Once again, no poetry, nothing new, nothing good. Sorry, I've decided to be selfish and write for myself. I feel like hell. My neck has never hurt this bad in my life, ever. I miss [you]. I can't find any solution to this. I'm at a loss, I don't know what turn to take next. And
you are driving me insane. I feel tricked, played, and deceived. You built me up, broke through my walls, made me feel like I was something special. Then you took it all away. Not intentionally. I honestly doubt you even see what's going on with me, so I guess it's my fault. But still. It hurts to realize I really wasn't anything special to you. You don't see how you make me feel, or how it hurts me as well. You try, and I know you care. But not the way I thought you did. I thought maybe I was different, special, important. Guess not. Still, I doubt you won't stop being my friend. But seeing you treat them the way you treated me, saying and doing the things that made me feel like that...it hurts. I guess there isn't much else to say on that. Yea, it sucks, yea it's making me crazy. But I can't change any of it. As for the other you[s], I just don't know. I wish it was different. I miss you, I think about those days, blah blah blah every day. I made my mistakes yes, but there's so much more to it than that. Not getting into that right now. I wish I could have been happier tonight. I do feel bad for being mopey and whiney. Actually, I feel more than bad. And I am genuinely sorry for it. It was way too hard to paste a smile on today. I can usually fake it and act briefly.
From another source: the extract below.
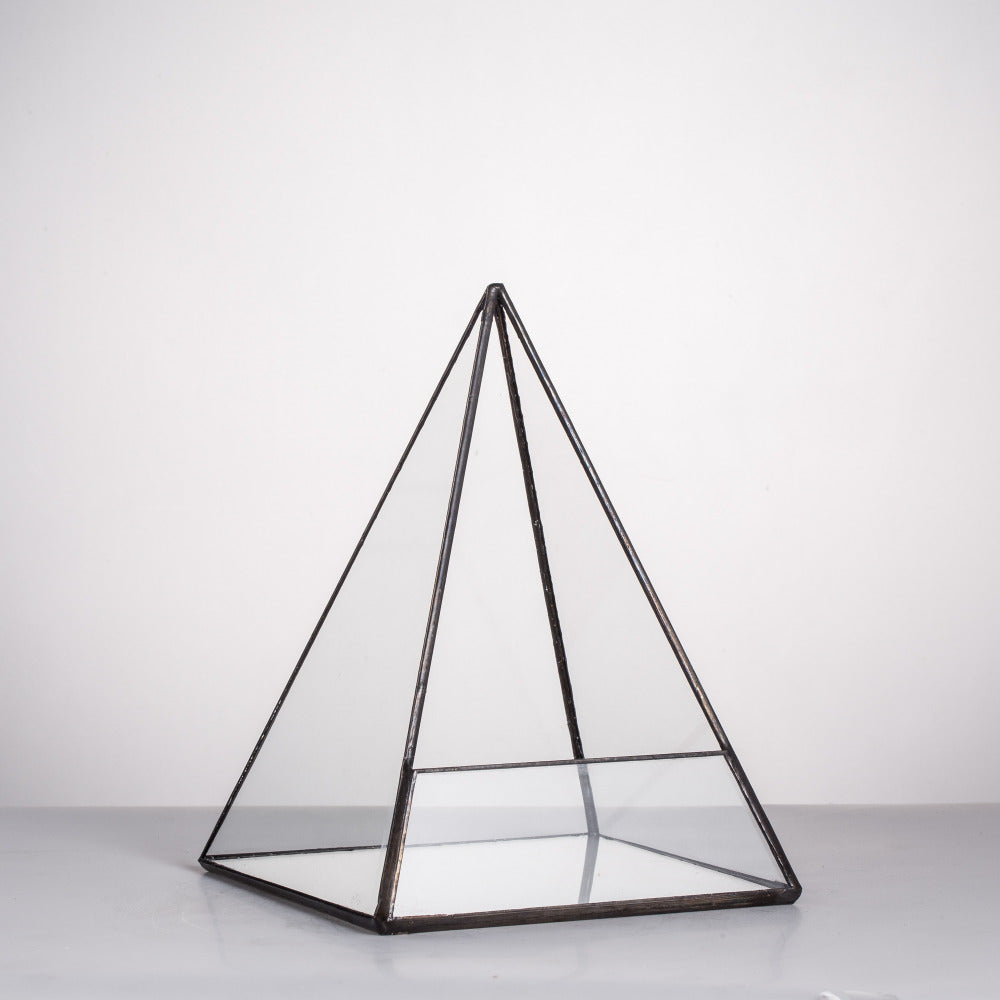 Handmade Pyramid Geometric Glass Terrarium for Succulent Fern Moss Airplants Cacti - NCYPgarden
Then I let loose, and I remember how great things are. My mood changes and it's not fake. I know I'm lucky, I know how wonderful things are. It was just hard not to feel like shit today, but I think I have an excuse. Even if i do feel horrible for it. But seriously take all those things, throw in family drama, stress, pms, sleep-deprivation, and this neck pain making me want to cry.....I think it should be ok. I just need a couple whiny, sob sessions. Then, it'll pass. It'll come back, but that's life. I'm okay for now. Resisting {
you}. I wish I didn't have too, I want to give in. But I won't. Not just yet. Hopefully, not ever. But sometimes it's so hard. Craving. Addiction. Resistance. Haha. Well. Anyway. I do feel better now. And I didn't even need a breakdown, crying session. This means, time for sleep! Yay. haha, um okay. Well anyone. Sorry to my [nonexistent] readers, for this pointlessness. Look forward to much more. It's quite beneficial to my mental well-being. Once my writer's block is gone, I'll get some poems, or something up. Anyway.